Analisar crises sociais convulsivas requer interação constante com tais contextos, seja através de leitura, escuta, escrita e outras formas de observações.

Vou aqui remexer em um quebra-cabeças que começou a ganhar forma em minha percepção de analista social, em janeiro de 2017, quando estive na cidade de Cochabamba, na Bolívia, que além dos seus encantos em forma de floração na base dos Andes, mostrou no mesmo dia de chegada, uma caminhada com mais de vinte mil evangélicos, protestando contra o então presidente Evo Morales, que já lutava para “conter” o avanço do evangelismo sobre a cultura originária.

A quantidade de indígenas que participava daquela caminhada era grande, e as lideranças pastorais eram significativamente estrangeira. Conversando com funcionários do hostel e outros cidadãos de Cochabamba, a maioria apoiava aquele movimento, que colocava Evo Morales contra a bíblia em sua narrativa popularizada.

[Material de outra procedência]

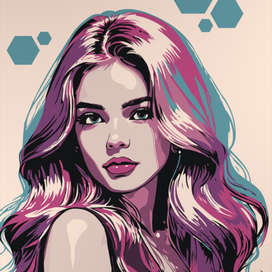 Таинственный взгляд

Pichações contra Evo também eram encontradas aos montes pelos muros da cidade. Ao findarem as duas semanas por lá, diante de tudo o que vimos com relação à manipulação da opinião pública burguesa e mediana contra o presidente, intimamente lamentava aquela tendência.

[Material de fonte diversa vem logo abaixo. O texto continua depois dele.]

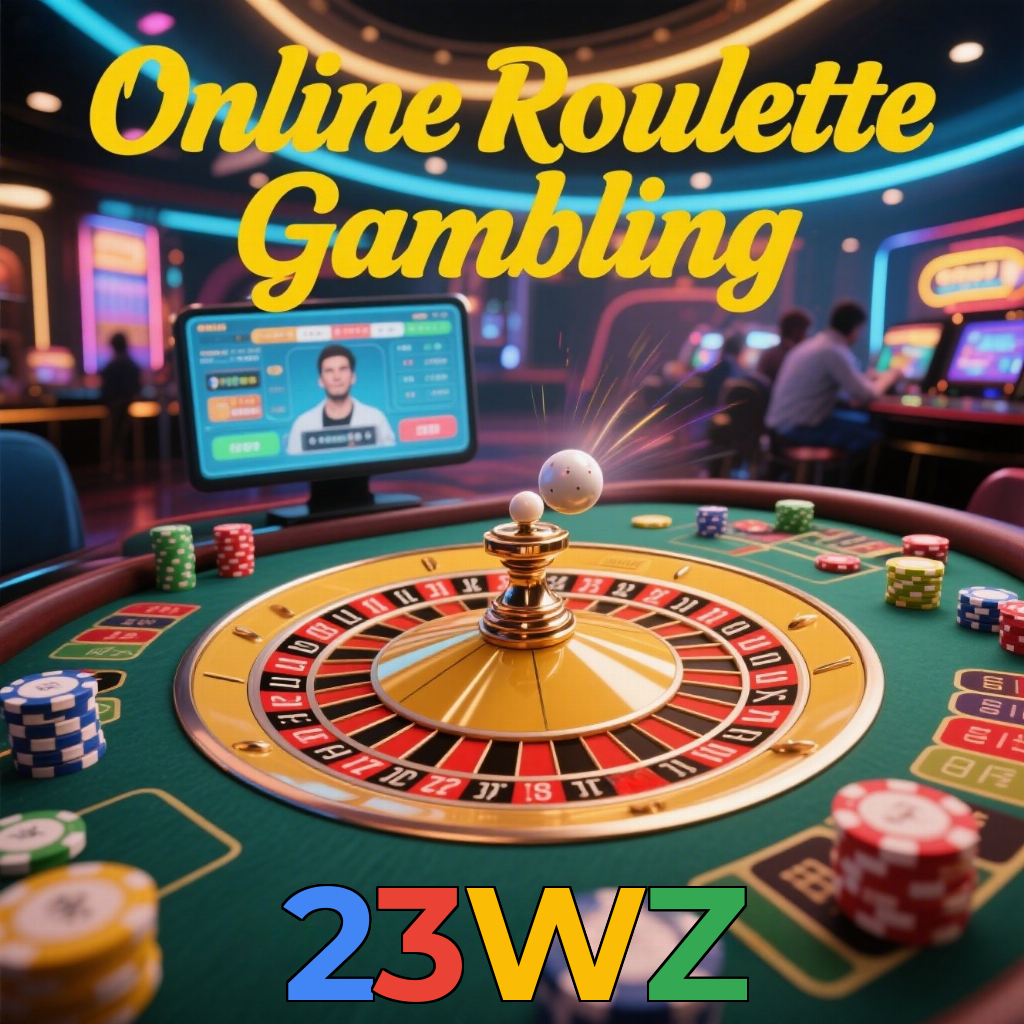 23WZ:Jogue slots e aposte no futebol no cassino online mais confiável!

Quando se aproximaram as eleições para a presidência no mês de outubro de 2019, o país já se mobilizava para possíveis desfechos de violência, e os estrangeiros foram orientados à precaução, pois a vitória de Evo era esperada e grupos juvenis insuflados por sentimentos de patriotismo burguês, estavam preparados para o ofensiva nas ruas, com bloqueios e outros atos, que acabaram se confirmando.

Assim, o campo da simbologia foi armado para o golpe. Um pseudo-levante popular financiado por alguma força manteve estas hordas atuando, apavorando, e clamando pelo que compreendiam ser justiça e liberdade, enquanto faziam o trabalho que interessava aos golpistas.

Os grupos pró-Evo Morales, não sendo de se estranhar – são compostos por maioria indígena, na plurietnia que sustenta a wiphala como símbolo. Estão nos arredores das cidades, área campesinas, ou nas montanhas, operando a sobrevivência em estreita luta contra os ideais de gente que foram importados por estrangeiros, principalmente aqueles ligados às religiões.

Deste modo, os bolivianos que se sentem representados pelo rosto de índio de Evo Morales, são aqueles que sentiram o peso da colonização desde seu princípio, e assim como nós brasileiros colonizados pelos portugueses, nunca mais puderam viver sem a interferência do poder branco, com suas artimanhas religiosas ditatoriais.

Jeanine Áñez é a trombeta deste segmento colonial, afinada com outras representações do capitalismo arcaico, que envolve latifúndios e empresariado, sob a égide de uma bíblia oca, sem Deus e sem povo, objeto de manipulação e arma de dominação.

A Comissão Interamericana de Direitos Humanos, se pronuncia contra o Decreto 4078 da presidente autoproclamada, que autoriza militares a controlarem a ordem pública, sem responsabilização criminal pelo resultado dos atos, o que já ocasionou mais de 20 mortes, em apenas alguns dias.

Enquanto isso, no Brasil, fiéis evangélicos agradecem a Deus pela restauração da paz na Bolívia, após o golpe gospel.

Os indígenas sabem que muito mais perigoso do que arriscar as vidas sob a mira da bala estatal, é arriscar a história dos povos, no avanço da neocolonização branca, capitalista, religiosa – que sempre resultou em sínteses crudelíssimas de opressão e morte longeva, que mata corpos, culturas e memórias.

Que o mundo olhe com empatia e solidariedade para a Bolívia.